Why’s it so difficult? Here’s a little list:

It’s a highly localised decision. It’s taken by the headteacher of a school, often at short notice. What if they’re stuck in snow, or can’t communicate their decision to anyone? We’re talking about disruption here, remember?

It’s highly time critical: if the information is to be useful it has to be delivered in the very tight window between decision and parents’ departure for school (or rearrangement of childcare, or whatever) and almost by definition this will be outside normal working hours.

There are no obligations or penalties associated with how well it’s done. (There may be a motivating issue about OFSTED reporting of absence, but I consider that secondary to the actual information process, so am discounting it from this analysis.)

There is no consistent, expected place to find the information. In some areas schools brief local authorities, in others local authorities brief local radio, there are numerous instances of online information, but little in the way of standardised approach.

Kids are involved. Kids who may just have a conflict of interest were there to be any opportunity to game the information. Just possibly.

A variety of tools are used to try and get the message out: from notifications that are actively sent to parents (by SMS, email or phone) – so-called information ‘push’; to information made available for consumption (by web, radio or pinned to the school gates) – the ‘pull’ side. Some parents and schools have developed cascade networks, formal or informal, to pass on the message. Others haven’t.

Do we have any plus sides?
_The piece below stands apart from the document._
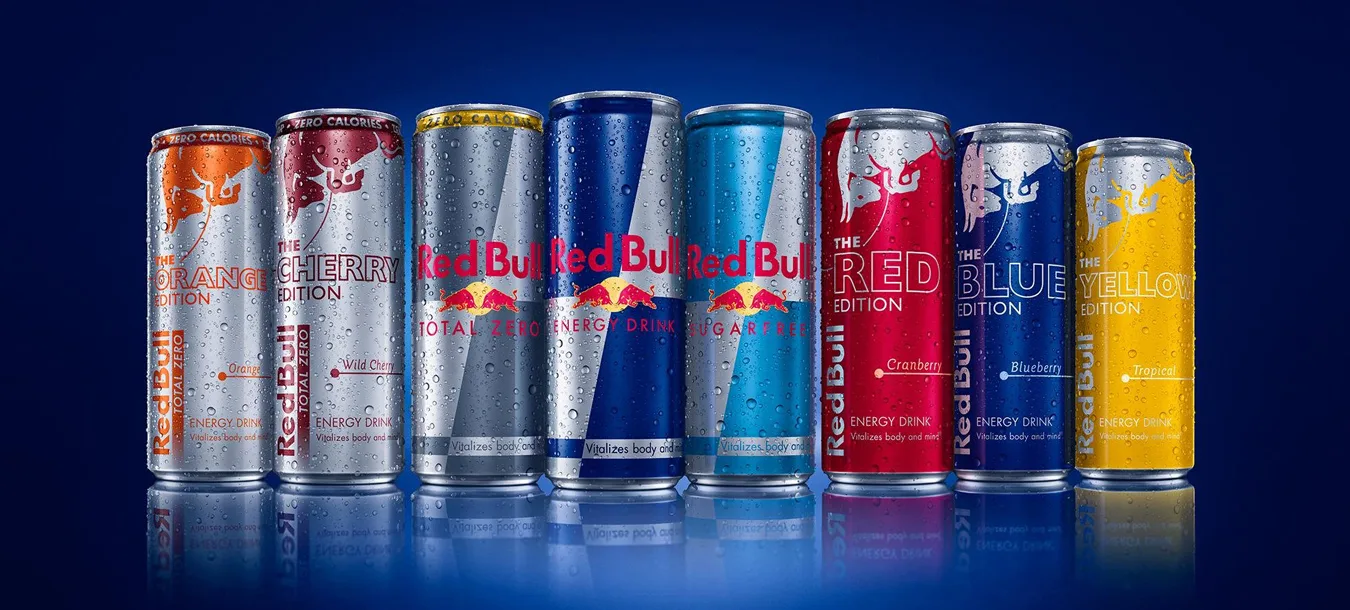 Redbull 250 mg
Well, the only one of note is that snow closure is usually predicted, to a greater or lesser extent. Something I suspect that fuels even more ire when information management fails. Surely, we cry, they must have know this might happen? Why weren’t they prepared?
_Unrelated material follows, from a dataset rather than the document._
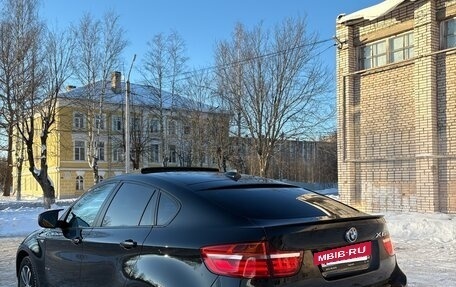 BMW X6, 2009 год, 2 100 000 рублей, 15 фотография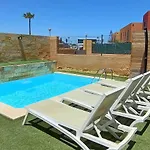 アパート El Castillo Golf Salinas-wifi La Guirra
Accustomed behaviours are highly personal. Parents have become used to a particular information channel, be it the radio or the web, and any changes to that will cause even more confusion, at least at first.

All complex stuff – did someone say that public service information management was easy?

But where the GovCamp discussion got most interesting was when we tackled the nub of the problem – the overarching philosophy of whether it was worth trying to centralise information at all in such circumstances. Even at the highest level, opinion is divided between attempting to centralise so that information can all be consumed in one place, and ensuring that it is maintained as locally as possible to guarantee its speed and accuracy.

For there are classic trade-offs in this decision. There is no unequivocal ‘right’ answer.

Get it to a central point of consumption (or data feed that can be consumed elsewhere) by whatever communications protocols and brute force pressures you can: advantage – easy to find; disadvantage – very difficult to make foolproof, prone to error.

Or keep it distributed, and make it easier for people to get closer to the source of the decision to get the most accurate picture: advantage – saves money, fast-when-it-works, accurate; disadvantage – hit-and-miss, accessibility, findability.

The list of challenges above should make it clear why this is far from the trivial information management problem that some might assume. One chap in the GovCamp session maintained that all it would take would be a firm hand of authority to be laid on headteachers to comply (“or else their school would be assumed to be open”). I fear that view represents a hopelessly outdated approach to getting things done that actually work.

I’ll come off the fence. I think the answer to a problem like this doesn’t lie in ever more sophisticated linking and aggregation. Building big central solutions, even with a grass-roots crowdsourcing component, probably isn’t going to work.

Instead, my experience and my gut are combining to suggest that local is the place for this information. Ubiquitously local – on school sites, via SMS, on the radio, via local authorities. Keeping them in step is the challenge: but a challenge that’s more worthy of effort than building elaborate information pipelines and monumental repositories.

*if you’re wondering why this phrasing is used, there’s some background here – which might also show why I’m so interested in it.